:: EXERCISE DESCRIPTION ::
What is needed is an exact copy of the lines in the listing below, from the one with "Electric car carbon footprint united states" up to and including the one with "ТИПОЛОГИЗАЦИЯ ПОЛИТИЧЕСКИХ ПРОЦЕССОВ: 2.", with no other lines.

:: PROVIDED RECORDS ::
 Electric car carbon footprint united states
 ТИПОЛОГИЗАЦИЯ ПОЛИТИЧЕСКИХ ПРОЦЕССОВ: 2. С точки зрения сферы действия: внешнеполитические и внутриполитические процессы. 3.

* * *

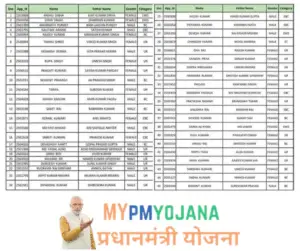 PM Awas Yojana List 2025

:: ANSWER TO THIS EXERCISE ::
 Electric car carbon footprint united states
 ТИПОЛОГИЗАЦИЯ ПОЛИТИЧЕСКИХ ПРОЦЕССОВ: 2. С точки зрения сферы действия: внешнеполитические и внутриполитические процессы. 3.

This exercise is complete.